Dataset entries:
---

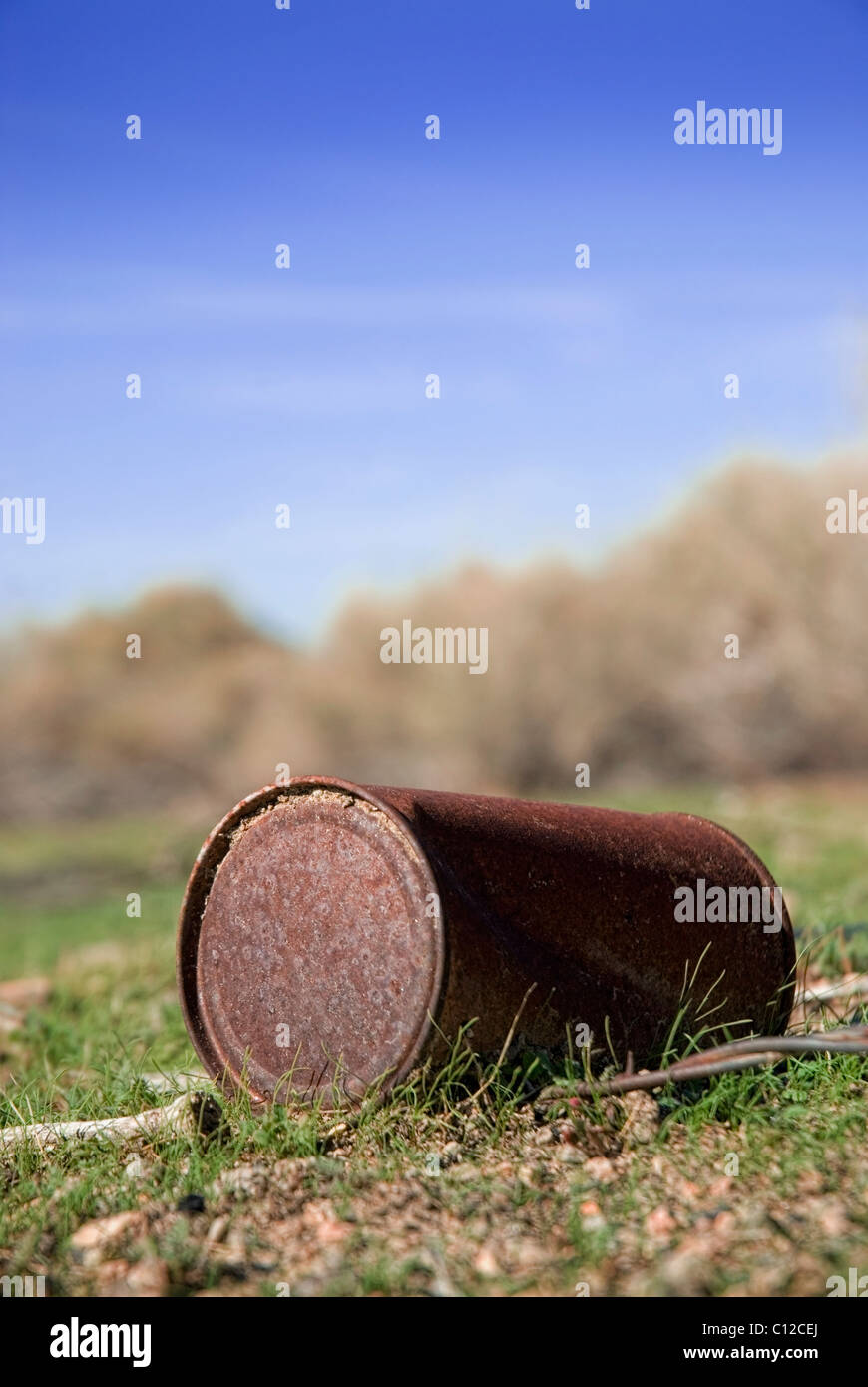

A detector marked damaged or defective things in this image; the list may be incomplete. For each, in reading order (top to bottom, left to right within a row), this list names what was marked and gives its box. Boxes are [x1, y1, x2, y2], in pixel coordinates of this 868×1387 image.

rusty tin can [174, 781, 792, 1104]
rusty metal surface [176, 781, 792, 1104]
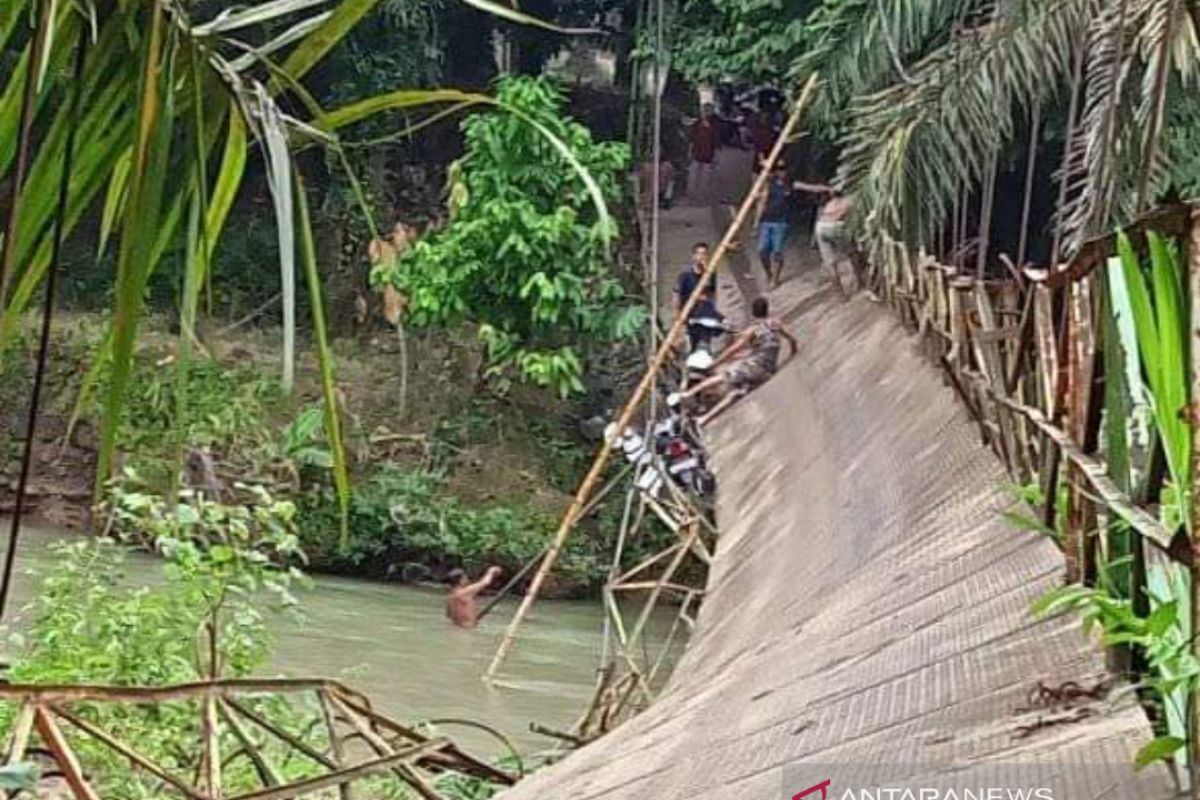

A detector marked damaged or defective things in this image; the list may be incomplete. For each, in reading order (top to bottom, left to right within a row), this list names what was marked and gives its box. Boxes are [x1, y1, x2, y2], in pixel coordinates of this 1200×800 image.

broken bamboo railing [482, 73, 820, 681]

---

• [YOUR GOAL]: Repeat the records above exactly, omitting every picture.

• [RESPONSE]:
A detector marked damaged or defective things in this image; the list may be incomplete. For each, in reading order (top to bottom, left to right within a row), this list names what was marked and gives its box. Boxes are [x1, y1, x2, y2], in pixel coordinates of this 868×1387 image.

rusty tin can [174, 781, 792, 1104]
rusty metal surface [176, 781, 792, 1104]

A detector marked damaged or defective things in this image; the list may be incomplete. For each, in reading order (top to bottom, left to right within a row), this list names what was marked and gives its box. Boxes are [x1, y1, x2, y2], in pixel coordinates of this 1200×800 image.

broken bamboo railing [482, 73, 820, 681]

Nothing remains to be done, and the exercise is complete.